Trunk tables are expected to be particularly popular in 2021 because they correspond well to the antique- and vintage-inspired furniture trends capturing the attention of decorators and homeowners alike. Trunk end tables — hallmarked by a lifting tabletop and ample storage — are perfect for those who wish to create a travel-inspired interior. In her article “10 TRUNK COFFEE TABLES FOR A CHARMING LIVING ROOM” for Elle Decor, Monique Valeris extols the many virtues of trunk end tables. She writes that trunk tables provide that “lived-in look” designers are searching for this season. Valeris continues on to note that “classic trunk coffee tables not only boost the style factor in your space—they also serve as a spot for storing everything from reading material to throw blankets.”
Our favorite trunk end table from LuxeDecor is the lovely Woodbridge Furniture Bordeaux 23'' Wide Rectangular End Table. As the listing outlines, the Bordeaux end table is a “wonderful storage box with handsome styling…[whose] rectangular lift lid opens to expose a finished compartment for media or other storage.” Somewhat unusual for a trunk table, the Bordeaux’s case “is also fitted with a small drawer and graceful tapering chamfered legs.”
Despite the lack of in-home entertaining we participated in last year, decorating with trays was a major home interiors trend in 2020. Not to be confused with the folding — and arguably somewhat tacky — folding TV tray, modern tray-style end tables are sleek, stunning and perfectly usable. The raised lip on tray end tables prevents magazines, laptops and poorly balanced lunches from sliding off the top while also adding visual interest. We recommend tray-style end tables for living rooms with slightly slanted or uneven floors. Our favorite tray end tables from LuxeDecor are the Four Hands Marlow Antique Rust 18'' Wide Oval End Table and the Gus* Modern Porter Walnut / Black Leather 21'' Wide Round End Table. The Marlow end table is special because it resembles both a bistro table and a C-shaped end table, making it quite versatile for both indoors and out.

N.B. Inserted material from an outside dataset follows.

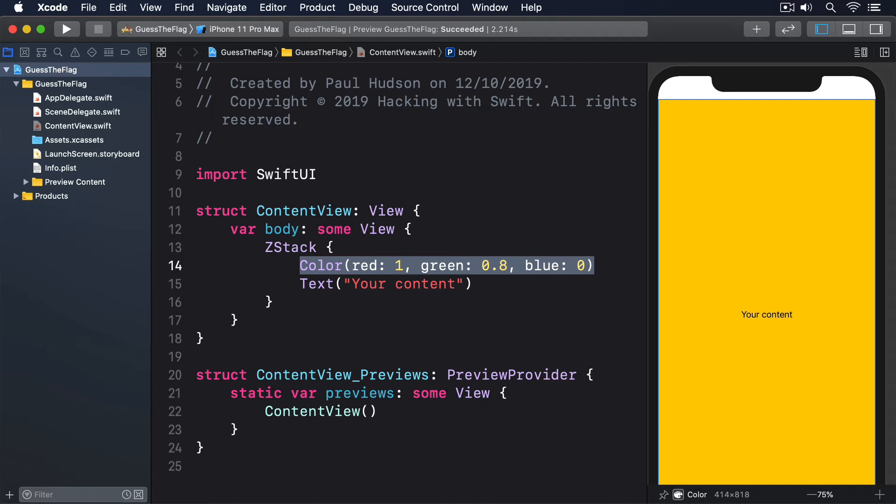you'll find that both the status bar, that's the clock area at the top, and the home indicator, the horizontal stripe at the bottom, are left uncolored.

(Left) Wildwood Lamps Gray 24'' Wide Rectangular End Table (Center) Bobby Berk for A.R.T Furniture Natural 24'' Wide Round End Table (Right) Hooker Furniture Melange Black with White Onyx 18'' Wide Round Blythe Accent End Table
Tiered end tables are another self-explanatory style. Available in practically any and every silhouette imaginable, tiered end tables feature a main tabletop followed by descending tiers — either one or more — until they reach the floor or the table’s feet. A tiered end table is an excellent choice for a small space or one crammed with lots of stuff, as the backless shelves reduce visual clutter. In fact, designers frequently recommend furniture with copious negative space or transparent elements like glass or acrylic. Jenny Zhang endorses this tip in her article “14 Easy Ways to Make a Small Room Look Bigger” for Square Foot.
Zhang writes that those trying to make small spaces feel larger should “choose furniture that gives the impression of facilitating light and air flow.” Any furniture that reveals the “floor space underneath” or other elements behind it “makes a room feel more spacious.” Our favorite tiered end tables from LuxeDecor are the Wildwood Lamps Gray 24'' Wide Rectangular End Table, the Bobby Berk for A.R.T Furniture Natural 24'' Wide Round End Table and the Hooker Furniture Melange Black with White Onyx 18'' Wide Round Blythe Accent End Table.